论文标题
在深文分类器中检测后门
Detecting Backdoors in Deep Text Classifiers
论文作者
论文摘要
深层神经网络容易受到对抗性攻击的影响,例如后门攻击,其中恶意对手会在训练过程中损害模型,从而通过将特定的单词或短语附加到输入中,可以在测试时间触发特定的行为。本文考虑了诊断模型是否已被损害的问题,如果是,则确定后门触发器。我们提出了第一个强大的防御机制,该机制将概括为对文本分类模型的几次后门攻击,而没有对攻击类型的事先了解,也不需要访问任何(可能遭到损害的)培训资源。我们的实验表明,我们的技术在防御最新的后门攻击方面非常准确,包括数据中毒和体重中毒,跨各种文本分类任务和模型体系结构。我们的代码将在接受后公开提供。
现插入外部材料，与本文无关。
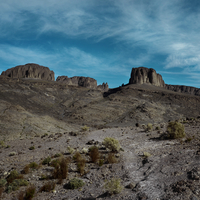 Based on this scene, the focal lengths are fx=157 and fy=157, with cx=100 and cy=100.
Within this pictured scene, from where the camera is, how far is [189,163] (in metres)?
7.63

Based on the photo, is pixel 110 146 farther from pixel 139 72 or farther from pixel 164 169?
pixel 139 72

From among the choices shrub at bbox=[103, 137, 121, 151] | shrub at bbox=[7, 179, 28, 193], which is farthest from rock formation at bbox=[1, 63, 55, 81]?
shrub at bbox=[7, 179, 28, 193]

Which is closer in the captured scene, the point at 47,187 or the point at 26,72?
the point at 47,187

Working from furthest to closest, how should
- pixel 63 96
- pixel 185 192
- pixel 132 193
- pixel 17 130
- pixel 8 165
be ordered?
1. pixel 63 96
2. pixel 17 130
3. pixel 8 165
4. pixel 132 193
5. pixel 185 192

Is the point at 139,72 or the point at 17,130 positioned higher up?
the point at 139,72

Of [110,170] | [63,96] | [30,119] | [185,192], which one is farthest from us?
[63,96]

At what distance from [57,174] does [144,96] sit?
86.8 meters

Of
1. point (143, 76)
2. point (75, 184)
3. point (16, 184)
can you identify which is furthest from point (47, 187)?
point (143, 76)

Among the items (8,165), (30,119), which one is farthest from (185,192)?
(30,119)

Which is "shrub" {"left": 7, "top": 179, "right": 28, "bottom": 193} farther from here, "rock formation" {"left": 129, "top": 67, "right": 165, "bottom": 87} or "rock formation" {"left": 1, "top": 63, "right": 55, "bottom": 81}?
"rock formation" {"left": 1, "top": 63, "right": 55, "bottom": 81}

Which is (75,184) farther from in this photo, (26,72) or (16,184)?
(26,72)

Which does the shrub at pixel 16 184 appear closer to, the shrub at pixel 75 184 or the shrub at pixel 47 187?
the shrub at pixel 47 187

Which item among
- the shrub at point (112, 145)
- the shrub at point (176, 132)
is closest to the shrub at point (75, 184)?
the shrub at point (112, 145)

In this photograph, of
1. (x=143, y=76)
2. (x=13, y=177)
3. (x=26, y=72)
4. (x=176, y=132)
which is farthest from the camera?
(x=26, y=72) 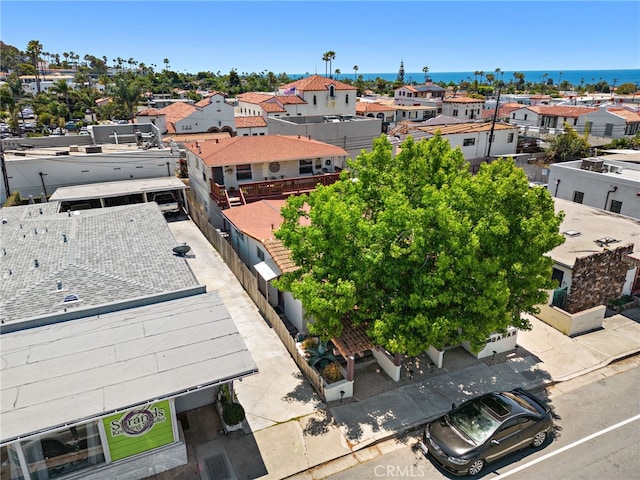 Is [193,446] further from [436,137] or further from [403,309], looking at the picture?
[436,137]

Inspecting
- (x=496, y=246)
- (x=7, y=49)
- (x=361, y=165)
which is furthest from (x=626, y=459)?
(x=7, y=49)

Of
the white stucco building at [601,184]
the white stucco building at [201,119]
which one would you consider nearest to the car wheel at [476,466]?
the white stucco building at [601,184]

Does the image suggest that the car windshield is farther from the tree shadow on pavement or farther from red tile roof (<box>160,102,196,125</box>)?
red tile roof (<box>160,102,196,125</box>)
Deep neural networks are vulnerable to adversarial attacks, such as backdoor attacks in which a malicious adversary compromises a model during training such that specific behaviour can be triggered at test time by attaching a specific word or phrase to an input. This paper considers the problem of diagnosing whether a model has been compromised and if so, identifying the backdoor trigger. We present the first robust defence mechanism that generalizes to several backdoor attacks against text classification models, without prior knowledge of the attack type, nor does our method require access to any (potentially compromised) training resources. Our experiments show that our technique is highly accurate at defending against state-of-the-art backdoor attacks, including data poisoning and weight poisoning, across a range of text classification tasks and model architectures. Our code will be made publicly available upon acceptance.